[Data extracted from a collection]
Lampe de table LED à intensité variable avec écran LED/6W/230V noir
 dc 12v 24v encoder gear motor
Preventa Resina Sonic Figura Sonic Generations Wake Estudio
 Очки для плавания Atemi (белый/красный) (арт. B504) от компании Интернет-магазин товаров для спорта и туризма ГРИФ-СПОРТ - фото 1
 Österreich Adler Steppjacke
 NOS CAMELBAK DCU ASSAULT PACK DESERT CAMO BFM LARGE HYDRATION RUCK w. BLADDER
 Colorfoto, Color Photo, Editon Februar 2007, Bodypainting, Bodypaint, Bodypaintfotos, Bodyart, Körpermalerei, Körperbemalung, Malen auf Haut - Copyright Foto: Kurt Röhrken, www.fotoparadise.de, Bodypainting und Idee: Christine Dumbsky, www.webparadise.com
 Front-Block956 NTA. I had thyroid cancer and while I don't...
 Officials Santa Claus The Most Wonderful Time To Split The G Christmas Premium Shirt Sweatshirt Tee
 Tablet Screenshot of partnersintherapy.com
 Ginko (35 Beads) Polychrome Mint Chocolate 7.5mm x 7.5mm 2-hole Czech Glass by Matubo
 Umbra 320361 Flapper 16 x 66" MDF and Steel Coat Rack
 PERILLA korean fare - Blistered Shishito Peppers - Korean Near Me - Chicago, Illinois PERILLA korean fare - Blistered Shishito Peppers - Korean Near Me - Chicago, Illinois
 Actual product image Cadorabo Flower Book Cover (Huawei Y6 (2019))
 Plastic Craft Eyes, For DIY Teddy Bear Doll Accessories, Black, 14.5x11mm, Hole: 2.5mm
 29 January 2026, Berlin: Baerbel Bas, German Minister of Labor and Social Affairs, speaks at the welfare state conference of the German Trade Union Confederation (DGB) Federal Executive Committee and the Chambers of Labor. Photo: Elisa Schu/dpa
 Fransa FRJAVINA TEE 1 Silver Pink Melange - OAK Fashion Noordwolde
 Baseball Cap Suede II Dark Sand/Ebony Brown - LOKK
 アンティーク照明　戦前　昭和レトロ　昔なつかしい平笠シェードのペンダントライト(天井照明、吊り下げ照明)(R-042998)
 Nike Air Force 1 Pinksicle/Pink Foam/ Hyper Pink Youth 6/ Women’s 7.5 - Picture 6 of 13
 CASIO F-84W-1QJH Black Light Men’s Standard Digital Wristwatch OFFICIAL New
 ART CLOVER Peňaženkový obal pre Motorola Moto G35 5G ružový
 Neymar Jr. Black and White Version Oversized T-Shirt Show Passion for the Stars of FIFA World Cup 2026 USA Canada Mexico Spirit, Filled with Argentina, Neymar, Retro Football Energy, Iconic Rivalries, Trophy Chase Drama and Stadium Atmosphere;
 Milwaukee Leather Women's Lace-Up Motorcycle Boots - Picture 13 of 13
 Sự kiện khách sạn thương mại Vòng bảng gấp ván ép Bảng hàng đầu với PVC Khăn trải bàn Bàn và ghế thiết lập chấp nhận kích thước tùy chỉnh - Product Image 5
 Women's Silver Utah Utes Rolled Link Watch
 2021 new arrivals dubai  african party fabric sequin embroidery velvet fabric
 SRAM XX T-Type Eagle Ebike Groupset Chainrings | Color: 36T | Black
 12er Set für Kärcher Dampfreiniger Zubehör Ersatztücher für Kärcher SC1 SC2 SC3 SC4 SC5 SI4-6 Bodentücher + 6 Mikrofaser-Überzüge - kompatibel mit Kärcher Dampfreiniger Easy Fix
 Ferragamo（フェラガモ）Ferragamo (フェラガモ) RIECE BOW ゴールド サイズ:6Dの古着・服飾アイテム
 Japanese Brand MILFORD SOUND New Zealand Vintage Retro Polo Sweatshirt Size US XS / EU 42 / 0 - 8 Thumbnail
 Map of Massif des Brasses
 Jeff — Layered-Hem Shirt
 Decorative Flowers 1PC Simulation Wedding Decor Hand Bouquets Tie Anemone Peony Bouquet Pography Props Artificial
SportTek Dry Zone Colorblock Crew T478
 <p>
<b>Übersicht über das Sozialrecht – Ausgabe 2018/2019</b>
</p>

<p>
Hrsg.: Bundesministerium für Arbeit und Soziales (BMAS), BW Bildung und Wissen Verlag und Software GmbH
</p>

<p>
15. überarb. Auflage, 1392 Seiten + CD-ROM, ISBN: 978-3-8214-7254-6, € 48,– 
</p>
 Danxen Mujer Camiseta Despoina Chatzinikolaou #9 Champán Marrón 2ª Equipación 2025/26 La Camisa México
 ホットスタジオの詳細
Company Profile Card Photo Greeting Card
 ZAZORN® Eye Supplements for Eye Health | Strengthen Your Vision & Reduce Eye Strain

* _EXERCISE PROMPT_
Please copy only the lines between the first line of the entries and the line with "Österreich Adler Steppjacke", keeping those two end lines as well, exactly as written.

* _EXERCISE OUTPUT_
Lampe de table LED à intensité variable avec écran LED/6W/230V noir
 dc 12v 24v encoder gear motor
Preventa Resina Sonic Figura Sonic Generations Wake Estudio
 Очки для плавания Atemi (белый/красный) (арт. B504) от компании Интернет-магазин товаров для спорта и туризма ГРИФ-СПОРТ - фото 1
 Österreich Adler Steppjacke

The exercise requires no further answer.